** GIVEN DATA follows **

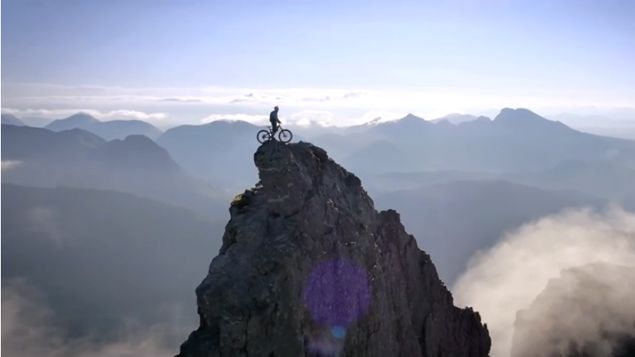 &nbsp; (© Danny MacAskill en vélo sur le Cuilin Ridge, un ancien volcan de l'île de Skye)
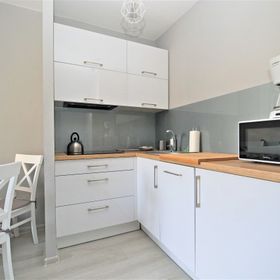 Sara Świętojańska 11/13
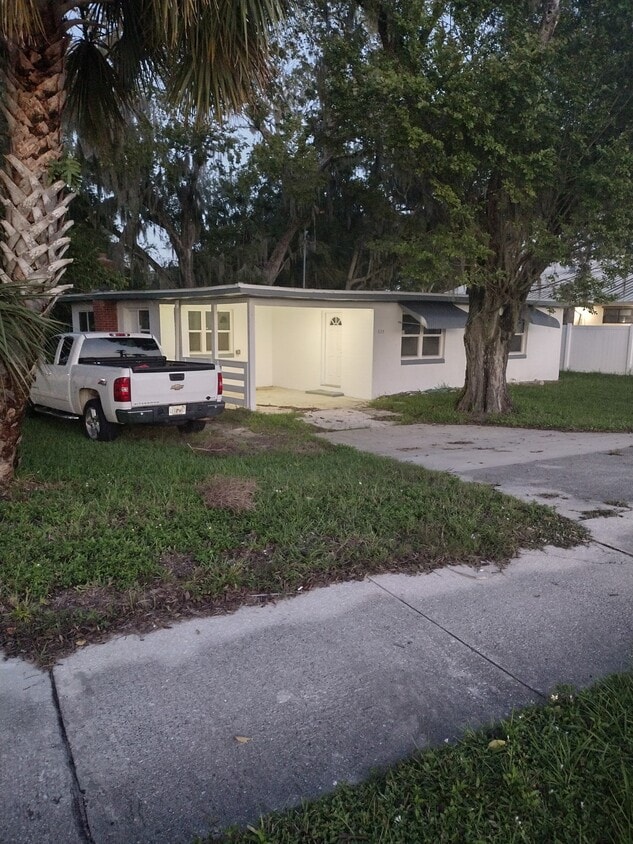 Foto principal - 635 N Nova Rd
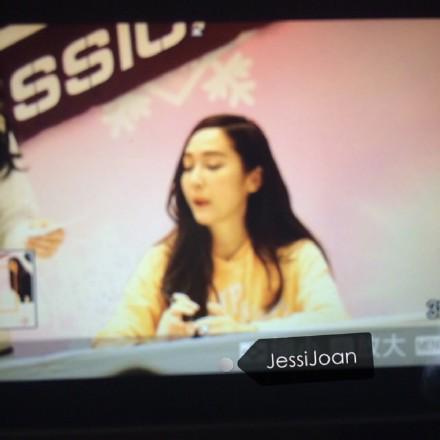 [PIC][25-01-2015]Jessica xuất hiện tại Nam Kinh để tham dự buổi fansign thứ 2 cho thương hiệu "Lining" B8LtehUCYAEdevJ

** End of GIVEN DATA **
** GIVEN DATA follows **

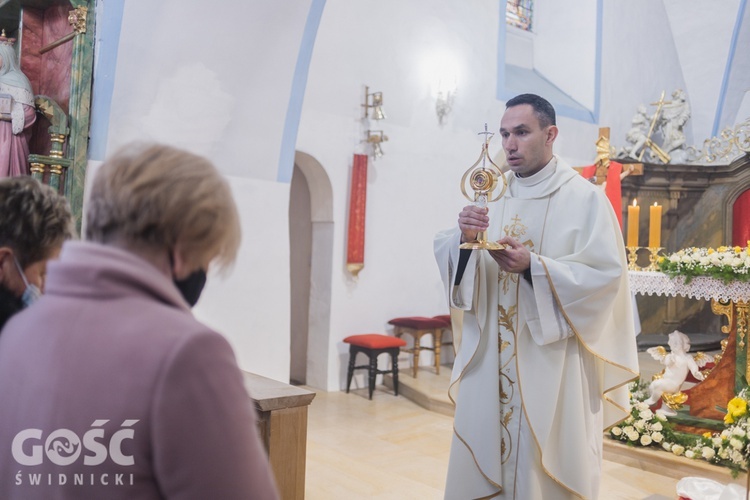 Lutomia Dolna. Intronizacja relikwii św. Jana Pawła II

** End of GIVEN DATA **

▸ **BRIEF**
Go to the line above that contains "Foto principal - 635 N Nova Rd" and reproduce everything exactly from there through the line that contains "[PIC][25-01-2015]Jessica xuất hiện", leaving out the pictures.

▸ **RESPONSE AREA**
 Foto principal - 635 N Nova Rd
 [PIC][25-01-2015]Jessica xuất hiện tại Nam Kinh để tham dự buổi fansign thứ 2 cho thương hiệu "Lining" B8LtehUCYAEdevJ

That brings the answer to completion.